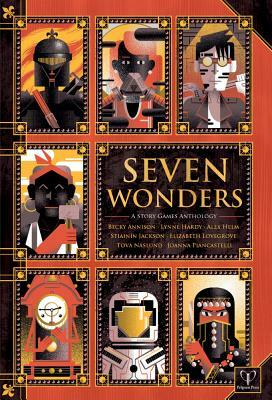 Seven Wonders: A Story Games Anthology by Lynne Hardy, Becky Annison, Alex Helm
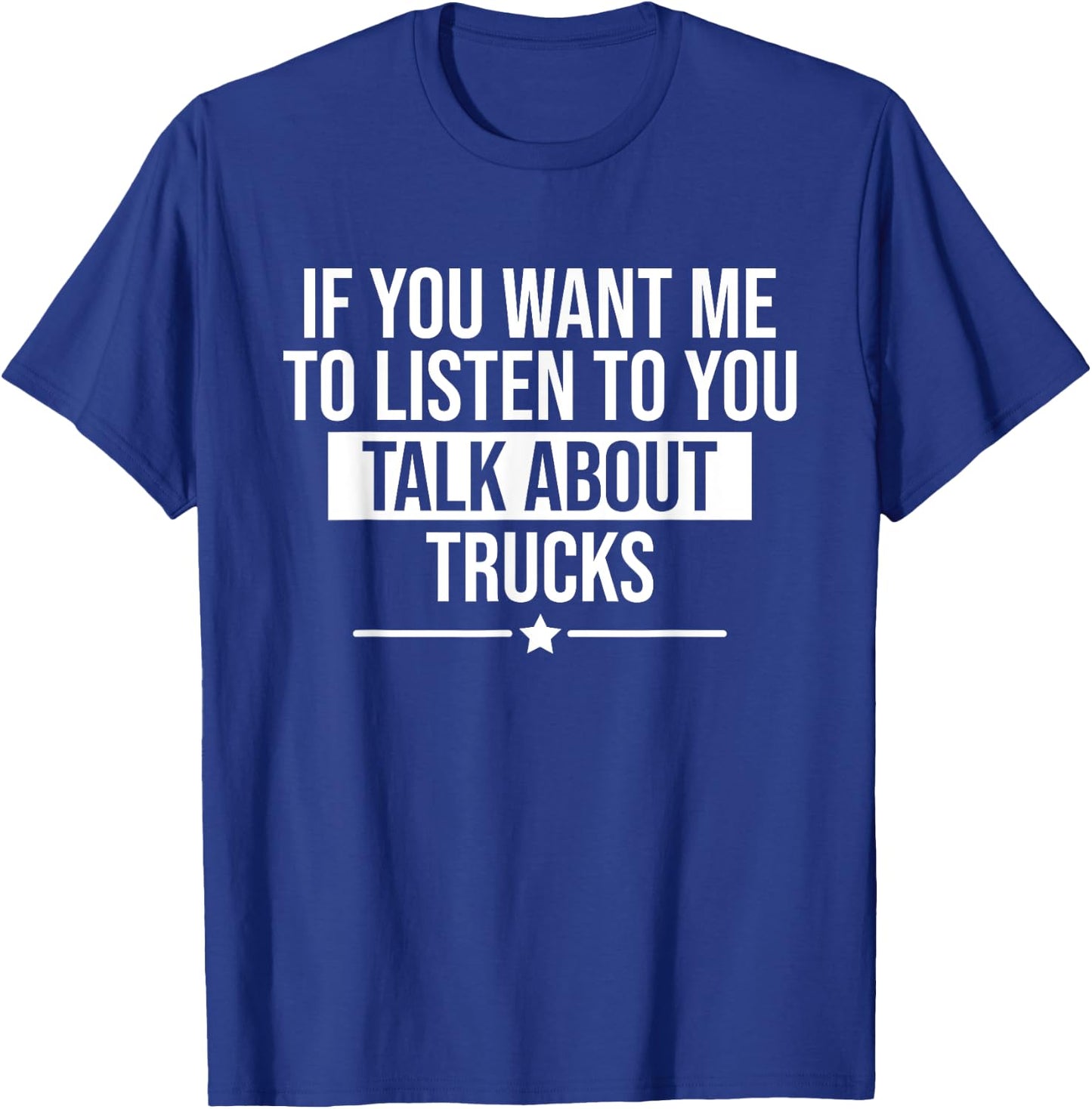 Funny If You Want Me To Listen Talk About Trucks Trucker T-Shirt - T-Shirt | Royal
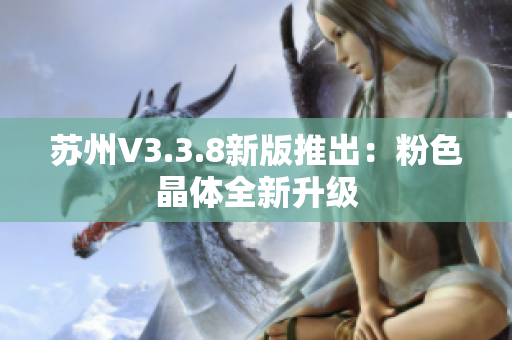 苏州V3.3.8新版推出：粉色晶体全新升级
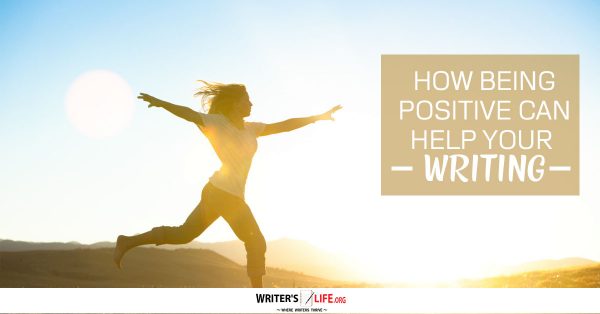 How Being Positive Can Help Your Writing -www.writerslife.org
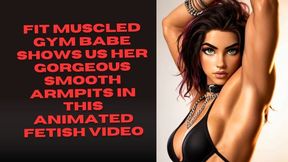 fit muscled gym babe shows us her gorgeous smooth armpits in this animated fetish video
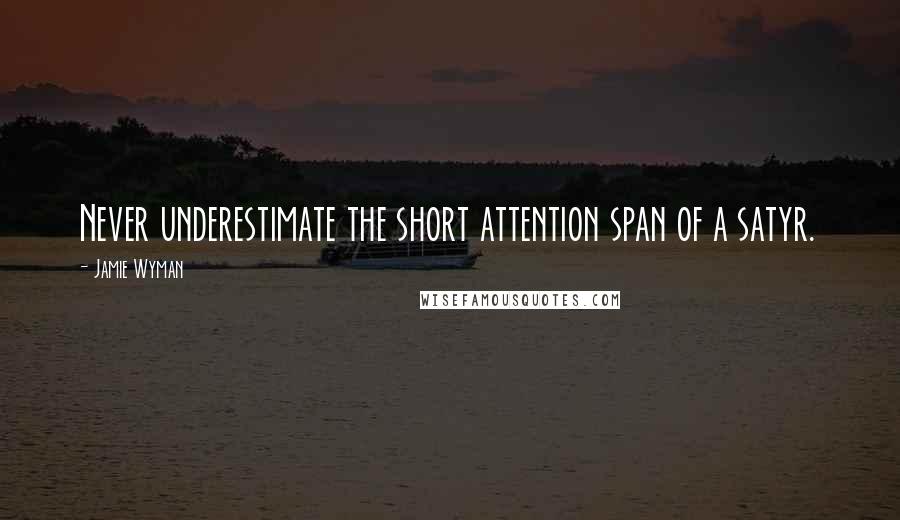 Jamie Wyman Quotes: Never underestimate the short attention span of a satyr.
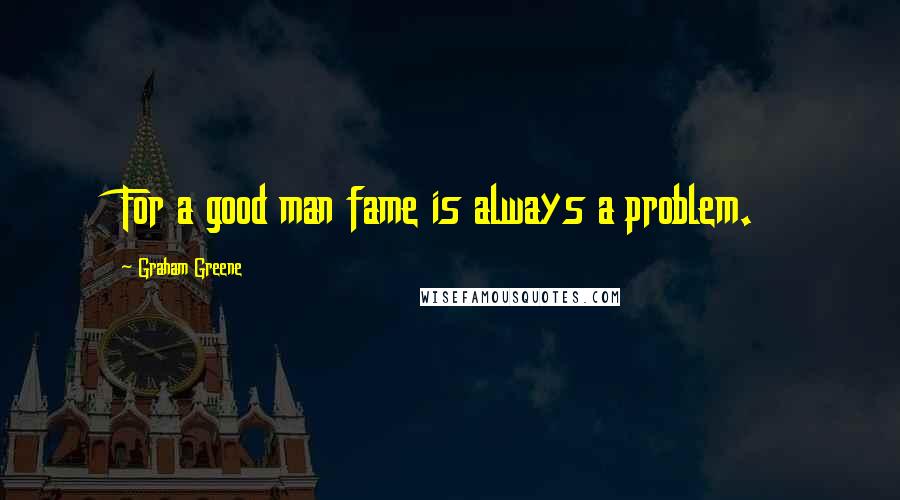 Graham Greene Quotes: For a good man fame is always a problem.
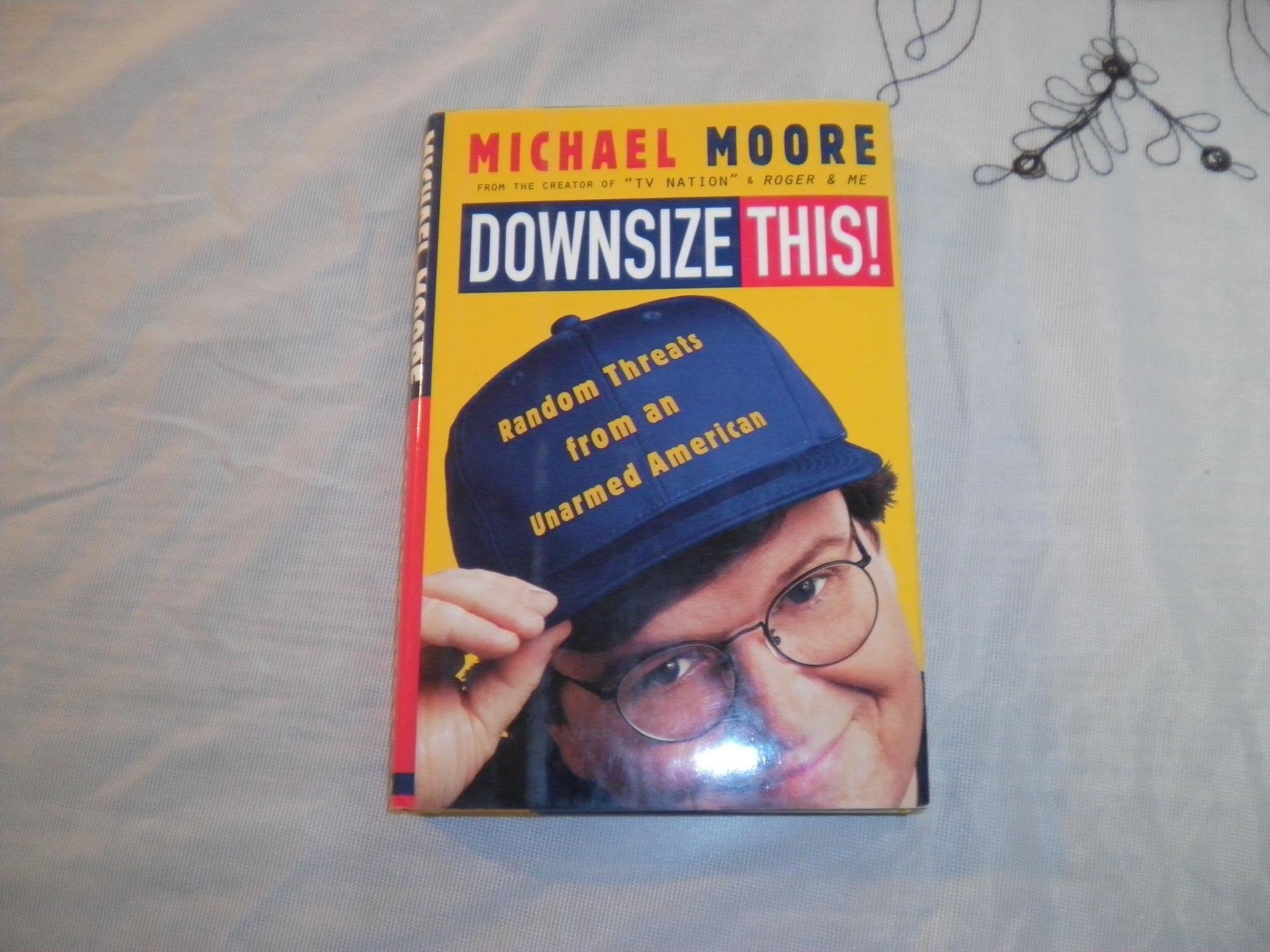 Product Image: Downsize This!: Random Threats from an Unarmed American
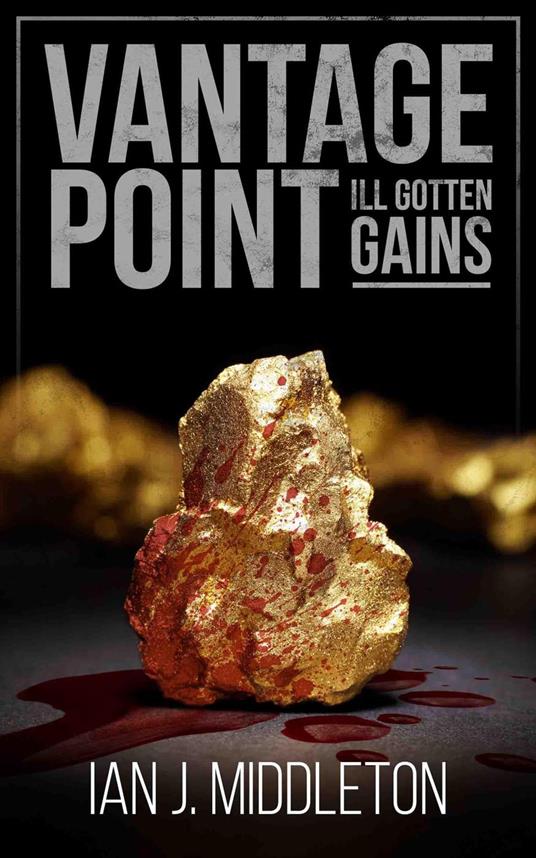 Vantage Point - Ill-Gotten Gains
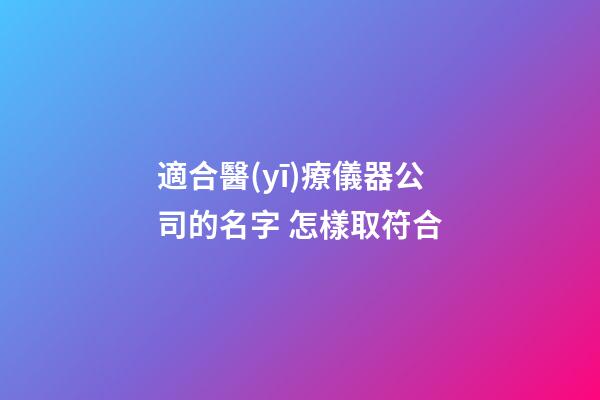適合醫(yī)療儀器公司的名字 怎樣取符合-第1張-公司起名-玄機(jī)派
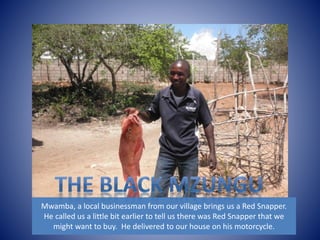 Mwamba, a local businessman from our village brings us a Red Snapper. 
He called us a little bit earlier to tell us there was Red Snapper that we 
might want to buy. He delivered to our house on his motorcycle. 
 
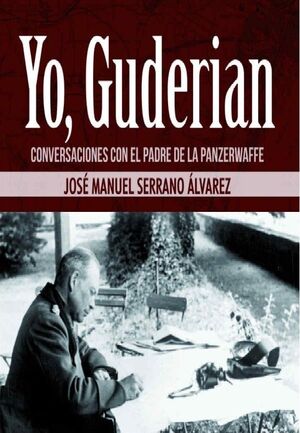 YO, GUDERIAN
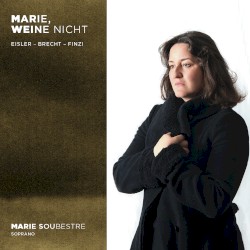 Marie, weine nicht by Eisler ,   Brecht ,   Finzi ;   Marie Soubestre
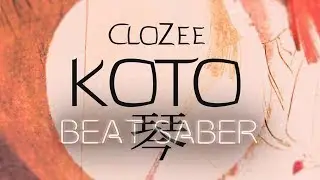 Koto - CloZee | Beat Saber Custom Track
++++++++++
= Work request =
Which lines run from the one that holds "Graham Greene Quotes: For" to the final line of the records above? Return them exactly, and skip the pictures.

= Response box =
 Graham Greene Quotes: For a good man fame is always a problem.
 Product Image: Downsize This!: Random Threats from an Unarmed American
 Vantage Point - Ill-Gotten Gains
適合醫(yī)療儀器公司的名字 怎樣取符合-第1張-公司起名-玄機(jī)派
 Mwamba, a local businessman from our village brings us a Red Snapper. 
He called us a little bit earlier to tell us there was Red Snapper that we 
might want to buy. He delivered to our house on his motorcycle. 
 
 YO, GUDERIAN
 Marie, weine nicht by Eisler ,   Brecht ,   Finzi ;   Marie Soubestre
 Koto - CloZee | Beat Saber Custom Track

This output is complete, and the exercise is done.